Exercise data
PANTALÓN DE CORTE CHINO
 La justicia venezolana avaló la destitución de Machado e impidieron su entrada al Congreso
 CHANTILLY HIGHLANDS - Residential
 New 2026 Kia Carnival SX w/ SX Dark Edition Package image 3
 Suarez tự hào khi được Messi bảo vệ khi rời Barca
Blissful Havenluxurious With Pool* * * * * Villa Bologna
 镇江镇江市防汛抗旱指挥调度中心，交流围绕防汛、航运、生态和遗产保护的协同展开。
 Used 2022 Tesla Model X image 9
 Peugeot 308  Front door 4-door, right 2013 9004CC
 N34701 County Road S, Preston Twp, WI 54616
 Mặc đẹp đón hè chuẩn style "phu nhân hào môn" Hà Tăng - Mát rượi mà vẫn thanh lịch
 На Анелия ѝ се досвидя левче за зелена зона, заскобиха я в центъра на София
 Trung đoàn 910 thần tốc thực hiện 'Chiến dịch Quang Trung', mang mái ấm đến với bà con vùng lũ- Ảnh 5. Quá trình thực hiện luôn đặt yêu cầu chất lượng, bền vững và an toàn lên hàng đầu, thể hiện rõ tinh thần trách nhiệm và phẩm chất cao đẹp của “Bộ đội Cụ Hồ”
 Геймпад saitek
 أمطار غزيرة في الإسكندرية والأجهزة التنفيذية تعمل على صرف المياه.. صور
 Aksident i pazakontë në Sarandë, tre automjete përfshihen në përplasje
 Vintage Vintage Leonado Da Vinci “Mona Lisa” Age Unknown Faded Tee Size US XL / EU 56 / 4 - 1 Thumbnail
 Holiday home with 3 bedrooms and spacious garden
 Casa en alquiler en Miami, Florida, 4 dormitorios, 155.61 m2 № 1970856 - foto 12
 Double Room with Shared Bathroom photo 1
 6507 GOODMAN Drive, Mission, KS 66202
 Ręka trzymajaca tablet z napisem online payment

Goal of the exercise
Repeat only the stretch of lines that begins at the line containing "6507 GOODMAN Drive, Mission, KS 66202" and ends at the last line above, both included.

Response
 6507 GOODMAN Drive, Mission, KS 66202
 Ręka trzymajaca tablet z napisem online payment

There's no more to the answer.